GLOUCESTER — “Round and Round the Garden” aptly describes the comic antics in Alan Ayckbourn’s third installment in the 1973 trilogy known as the “Norman Conquests.” At Gloucester Stage Company, director Eric C. Engel completes his own cycle, returning to the “Norman Conquests” after opening the 2010 season with part one, “Table Manners,” and 2011 with part two, “Living Together.” With a stellar cast, most of whom are veterans of the other Ayckbourn productions, the company offers a high-energy, fast-paced performance that balances physical humor with verbal swordplay.
The catalyst for all the chaos is Norman (Steven Barkhimer), a hapless but endearing loser, whose efforts at seduction should be ridiculous, but touch a chord in the lonely and frustrated siblings who stumble around the family house.
All three plays are set in the home where Annie (Sarah Newhouse), Reg (Richard Snee), and Ruth (Adrianne Krstansky) grew up, and where Annie still cares for their unseen mother. Reg, the most conventional, is married to Sarah (Lindsay Crouse), a meddling sister-in-law, while Ruth is married to the philandering Norman, a relationship she describes as akin to “owning an oversized, unmanageable dog.”
Annie has a doltish sometime boyfriend in Tom (Barlow Adamson), the local vet, whose title one wag describes as an abbreviation for “very eccentric twit.” But since he’s better with animals than people, he’s left Annie vulnerable to Norman’s amorous advances, which are to culminate at a hotel room.
Each of the three plays takes place on the same weekend, in a different room in the house, with “Round and Round the Garden” offering deliciously comic opportunities for rolling in the flowerbed, resting on a swing, and wrestling resistant lawn chairs.
It all sounds very old-fashioned and cliched, but the speed at which the action unfolds, Engel’s ease with moving the actors into and away from conflict, and the increasing absurdity of the situation all combine to keep the audience engaged. Although no one in this cast hangs on to a British accent with any consistency, they are wonderfully comfortable with each other, which makes some of their outrageous behavior appealing.

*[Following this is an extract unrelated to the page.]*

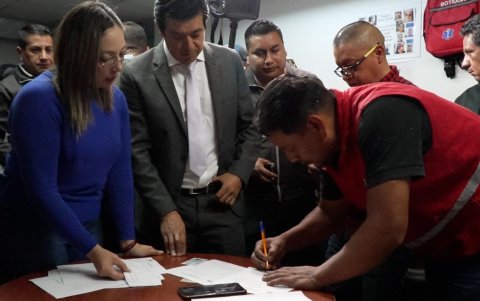 Operativo en el Ministerio de Educación por una presunta red de tráfico de influencias.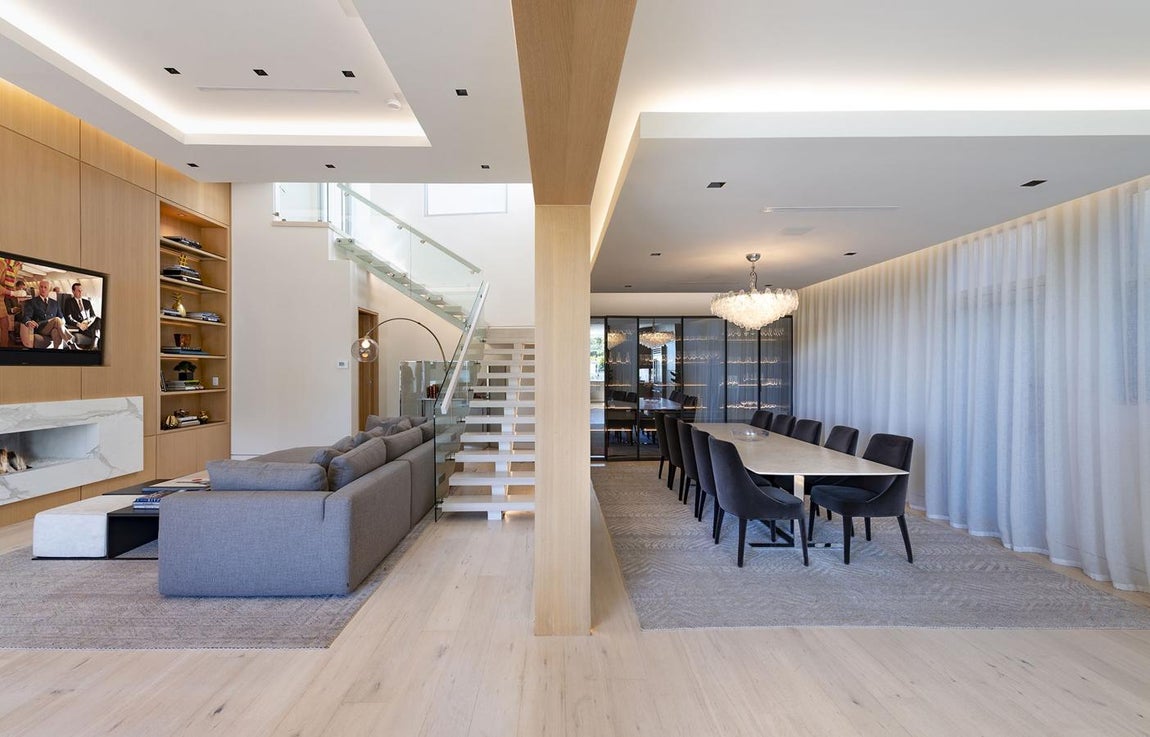 Zonas comunes. Para acentuar la amplutu del espacio, las zonas comunes de la vivienda están separadas por medios tabiques y arcos. Este recurso consigue estancias diáfanas en las que reina la paz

Barkhimer amps up Norman’s buffoonish qualities, fulfilling his wife’s prediction that he has “three emotions for every occasion,” swooning over each of the three women whenever they are alone together. Watch him flop and roll about on the ground like a playful seal after he’s had too much to drink, toss his new pajama top on the roof in a gesture of excitement about an assignation to come, but then, in the end, leave chastened, rejected by all three.
Snee provides the perfect balance as the buttoned-down straight man, wearing a woman’s apron high on his chest, once again displaying his exquisite comic timing. Adamson is wonderful as the awkward, angular Tom, who makes lines like “It’s a shame we’re not horses” sound sincere.
The women are equally at home in their characters’ skins, with Crouse playing the prissy in-law, Newhouse the repressed but dutiful daughter, and Krstansky doing a wonderful turn as the arch, bitterly amused Ruth.
Jenna McFarland Lord’s run-down country home and Gail Buckley’s individualized costume choices add greatly to Engel’s deft direction, producing an amusing adventure with Ayckbourn.